Woods admits his latest swing has been designed to “play away from pain” as he makes his comeback from a back injury which required three operations in the space of 19 months.

The former world number one also concedes he can no longer keep up with the biggest hitters in the game, but believes he can find different ways to add to his haul of 79 PGA Tour titles and 14 major championships.

“Whether my swing looks classical, rhythmical or it may look unorthodox, I don’t care. As long as I don’t feel that nerve pain,” Woods told a pre-tournament press conference ahead of the Omega Dubai Desert Classic.

“Anyone who has ever had nerve pain in their back or anywhere in their spine, it’s like hitting your funny bone a thousand times a day; it’s just not fun. And I would much rather not have to go through that again.”

Two days after Woods missed the cut in the Farmers Insurance Open, his friend Federer returned from a six-month injury lay-off to win the Australian Open, his 18th grand slam title.

Woods has been frustrated by injury in his quest to match the 18 major titles of Jack Nicklaus — his last coming in the 2008 US Open — but can take heart from Federer’s performance in Melbourne.

“He rehabbed properly and you can tell how fast he’s moving,” added Woods, who will partner Masters champion Danny Willett and Matt Fitzpatrick in the first two rounds in Dubai.

“He’s shortened up points, changed his strategy around a little bit. Didn’t hang around the baseline as long. As you get older, you change your game and you do things slightly differently, and he did that.
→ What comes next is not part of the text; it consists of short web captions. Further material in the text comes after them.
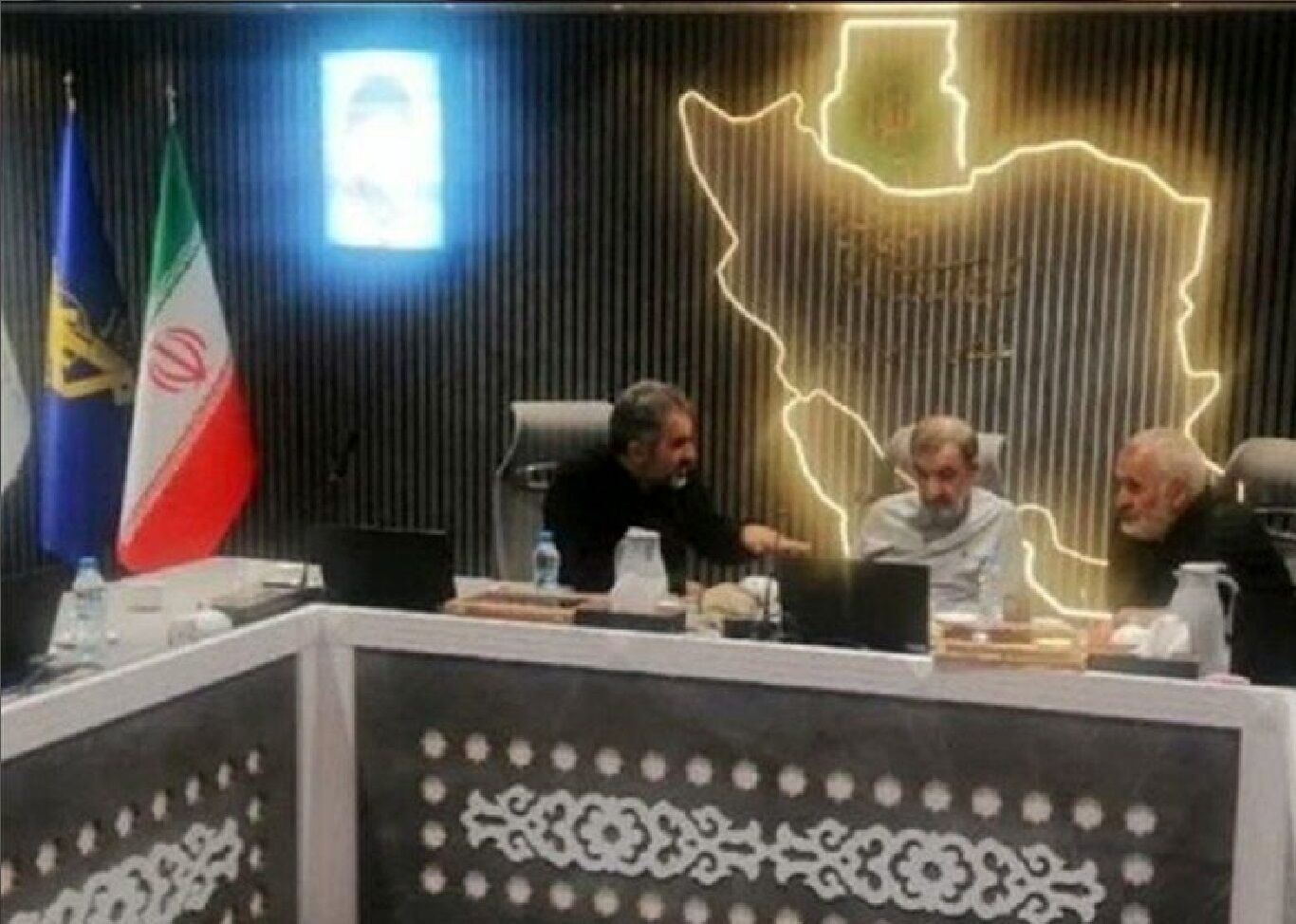 بازدید محسن رضایی از سایت‌های موشکی و مراکز پدافندی 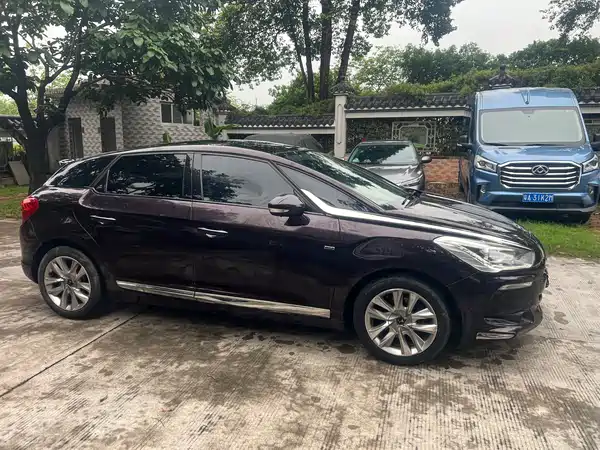 DS 5 2014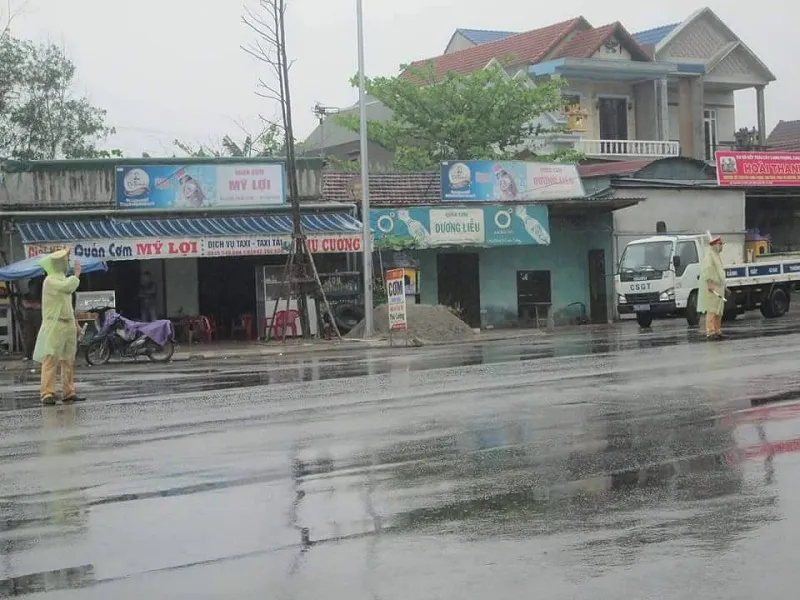 Ngã xuống đường, cô gái bị xe container tông tử vong ảnh 2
“Am I going to do that? Yeah, I’m not going to be hitting balls like some of these guys 340 (yards) out there. I watched Dustin (Johnson) last week when it was cold, wet and damp and he carried it 335.
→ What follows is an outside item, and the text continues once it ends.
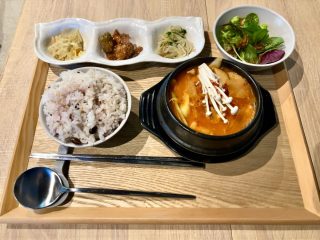 女性に人気！韓国家庭料理のお店『やなぎ食堂』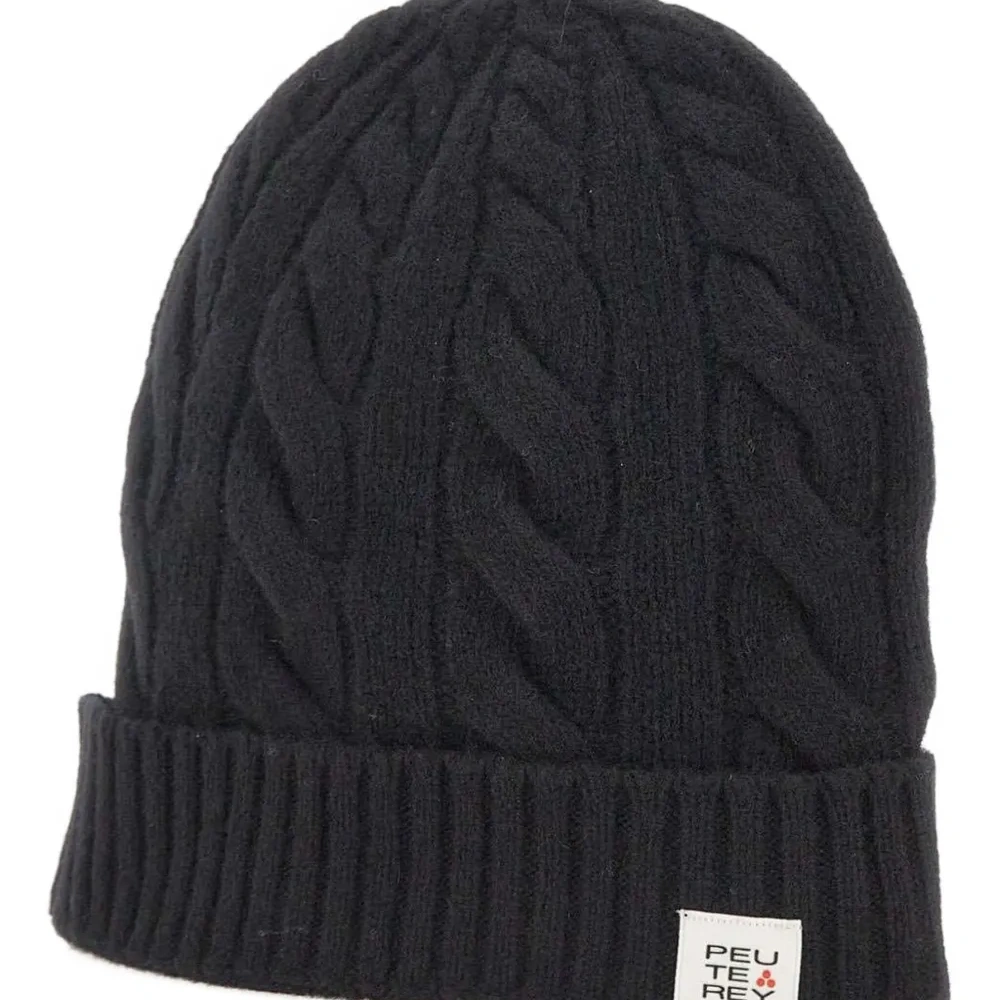 Шапка бини фактурной вязки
“Jason (Day) and I just looked at each other going, ‘We don’t have that! So you do it differently. If you look at the list of guys who shot below 60, you realise Jim Furyk’s on there twice. He averages 270 off the tee, shot two rounds under 60. So it can be done in different ways.”

Woods did not finish outside the top five on his first five appearances in Dubai and lifted the trophy in 2006 and 2008, but the world number 666 was 20th and 41st respectively on his last two visits in 2011 and 2014.

However, he insists he has not lowered his expectations after his long injury lay-off, adding: “No, because if I’m teeing it up, the goal is to win and that doesn’t change. Whether I’m injured, coming off an injury or I’m playing well, or I’m playing poorly, if I’m in the event, it’s to win the event.

“For me, it’s about preparation. If I can’t prepare to win a golf tournament, I feel ill-prepared to hit the shots and handle the shots down the stretch. If I’m not able to pull them off at home, there’s no reason why I should expect to be able to pull them off out here.

“I would like to start playing around the world again but I won’t be playing a high number of events. I’ve got to save my body and be ready to peak four times a year.

“One of the reasons why I’m playing four out of five (weeks) is to get more competitive rounds so that come the first full week in April (the Masters), I’ll have more rounds under my belt and know what it feels like to be ready.”